BEGIN
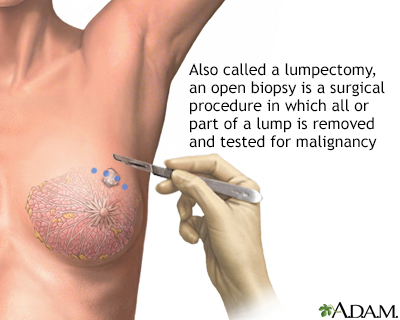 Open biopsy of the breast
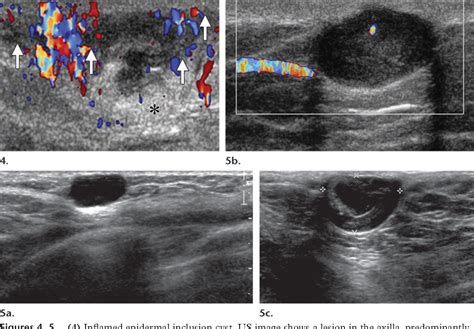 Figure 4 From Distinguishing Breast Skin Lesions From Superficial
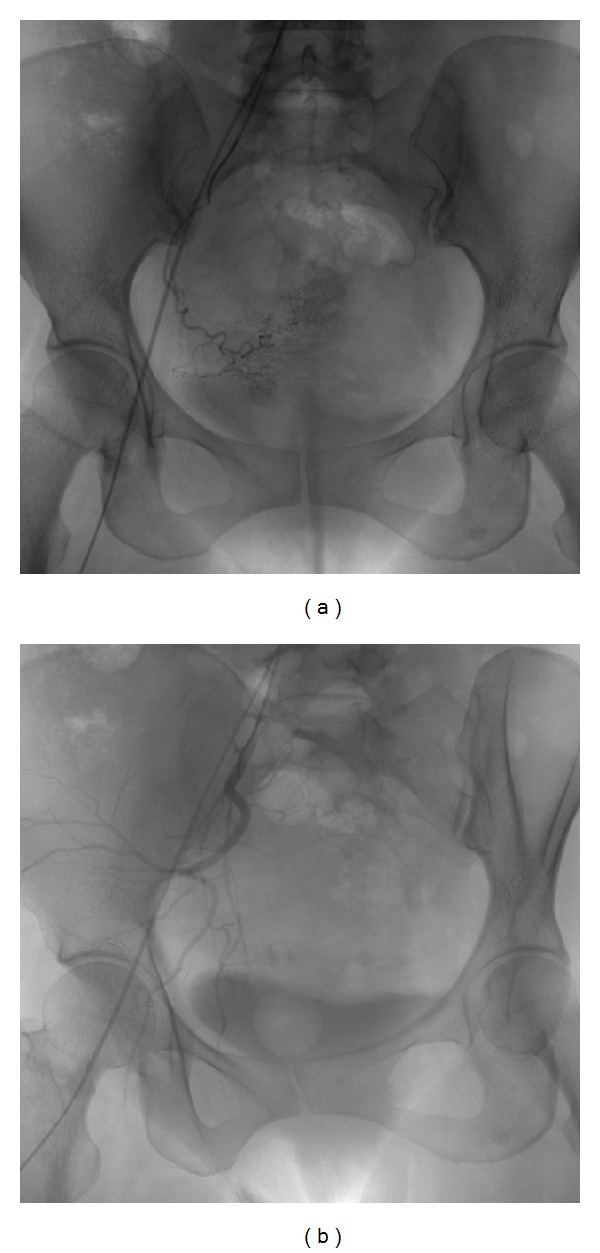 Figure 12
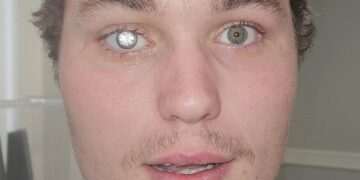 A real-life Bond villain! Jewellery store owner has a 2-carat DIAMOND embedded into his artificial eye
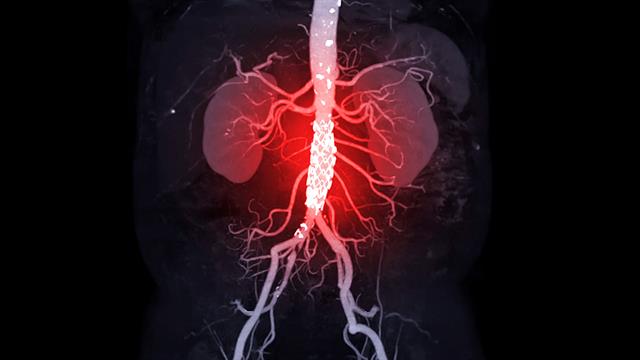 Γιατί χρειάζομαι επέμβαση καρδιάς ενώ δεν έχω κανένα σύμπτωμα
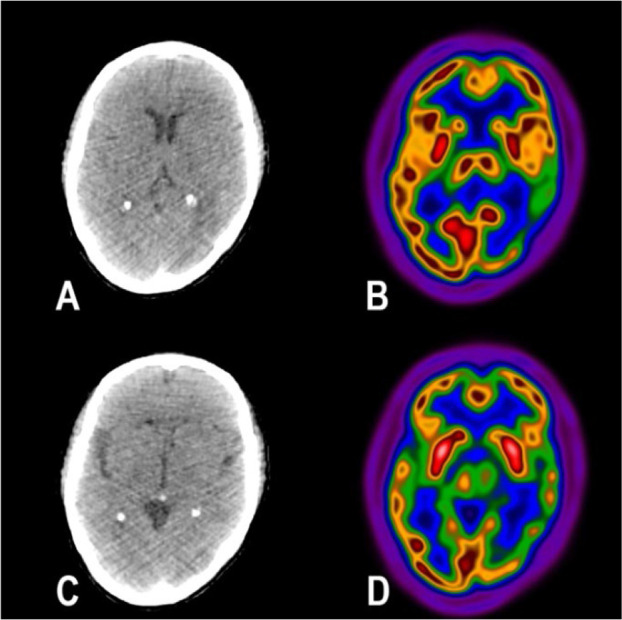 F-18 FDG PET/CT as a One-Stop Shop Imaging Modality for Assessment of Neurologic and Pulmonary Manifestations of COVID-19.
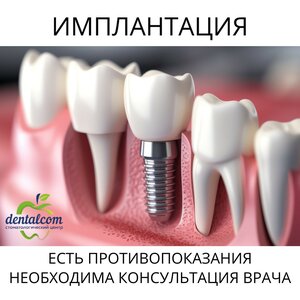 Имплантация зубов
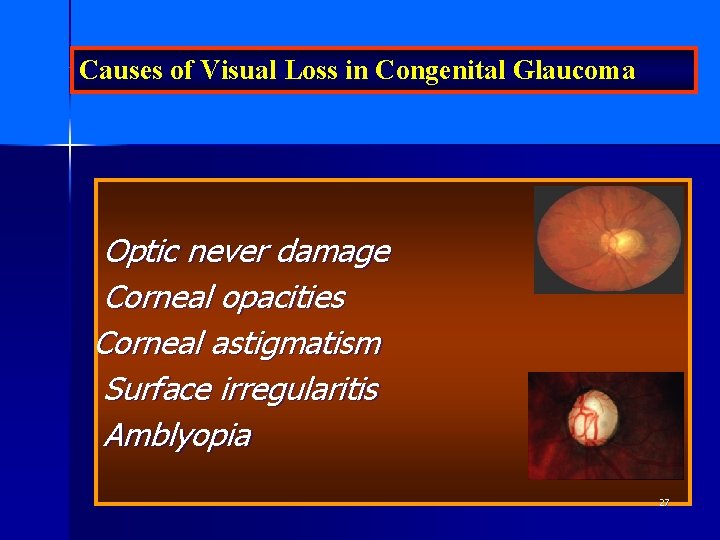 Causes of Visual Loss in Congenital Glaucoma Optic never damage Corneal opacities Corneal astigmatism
END
BEGIN
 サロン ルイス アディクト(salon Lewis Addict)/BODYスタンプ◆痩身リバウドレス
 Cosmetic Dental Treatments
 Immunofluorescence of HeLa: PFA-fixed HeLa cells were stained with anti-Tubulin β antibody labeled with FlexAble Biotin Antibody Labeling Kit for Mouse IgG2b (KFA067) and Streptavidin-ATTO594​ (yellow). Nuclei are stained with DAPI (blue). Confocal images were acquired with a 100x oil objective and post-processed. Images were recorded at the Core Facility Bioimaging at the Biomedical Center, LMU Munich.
END
#### [WHAT IS NEEDED]
Restate word for word every line from the one with "Open biopsy of the breast" up to and including the one with "A real-life Bond" in the records above, minus the pictures.

#### [WRITTEN SOLUTION]
 Open biopsy of the breast
 Figure 4 From Distinguishing Breast Skin Lesions From Superficial
 Figure 12
 A real-life Bond villain! Jewellery store owner has a 2-carat DIAMOND embedded into his artificial eye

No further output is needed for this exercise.